He looks west to where the clearing should be but the horizon is gone, swallowed by snow. The ship’s iron hull, forty-eight millimeters thick, groans against the fresh ice. He cups his hands together and blows into them, then straightens his sunglasses.
The south-west passage should be open – it’s usually open – even this early in the season. And the Halvljus has opened this very route dozens of times before. Palms sliding down his gray-blonde beard, he recalls the first time he made the trip, as second navigator, seventeen years before. It was the peak of the oil crisis, and the ship’s radio was tuned to the state broadcasting service every morning for scratchy snippets of the latest news.
Now Ryuikssen comes with news of the Finnish breaker, Kontio, sent to pull them out. She’s delayed south of Negerpynten; running too light, it seems.

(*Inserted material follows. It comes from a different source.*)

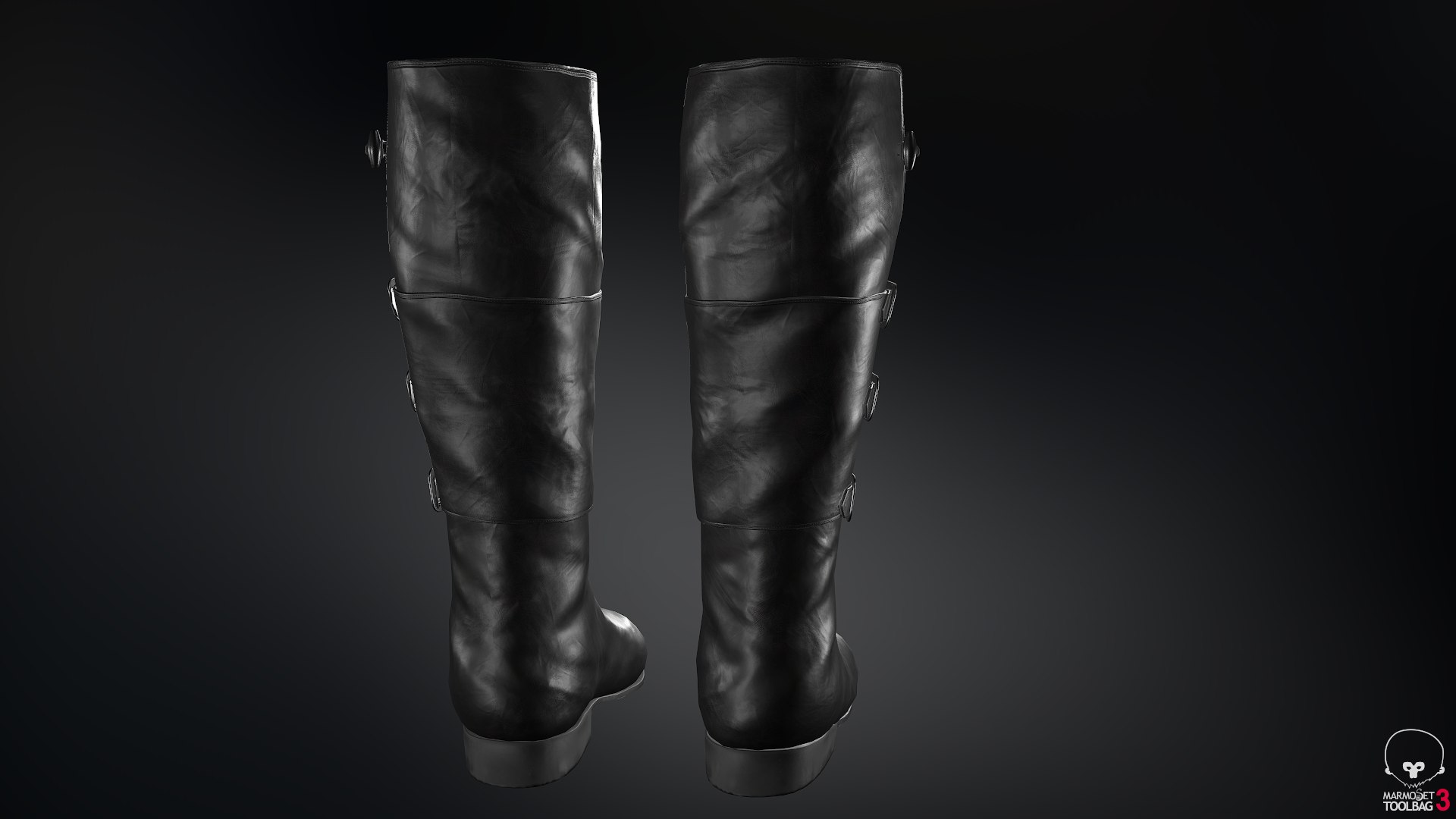 3D model black leather boots 1 https://p.turbosquid.com/ts-thumb/nH/GPvwF4/x3MURaHf/screenshot037/png/1539204323/1920x1080/fit_q87/976c4cb58c3037de5d7364a6f788f56b785e8982/screenshot037.jpg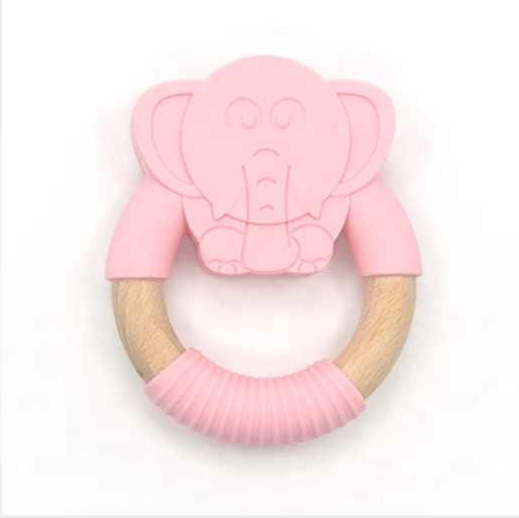 Elephant Teether Pink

“And what about Andres?” he asks.
“Fine,” Ryuikssen says. “In quarters, recovering.”
“And the girl.”
Ryuikssen looks down. His blonde hair is thinning at the top and his lips are chapped to white.
“I don’t know,” he says. “She’s talking but no one understands.”
The captain of the Halvljus turns his head, cracks his neck to the right, then the left, heaves his chest and sighs. Three weeks ago he left Maarit and the baby in Luleå. It had been early morning when they went out, and from the pier he could see the cathedral spire covered in frost; the city beginning to light up behind it. The baby was wrapped up so tightly only her face showed, and Maarit, her hair pulled back, looked upset.
He didn’t know what was wrong. He thought to ask her in the car on the way over, but couldn’t bring himself to do it. Instead he stared out the window, watched the refinery lights go by. When they reached security he gave her his badge to show the guard. In the side mirror he saw the baby’s pinched face and then reached behind awkwardly to hold her mitted hand.
“I’m pregnant,” Maarit said now, looking away, and then directly into his eyes. “I’m pregnant again.”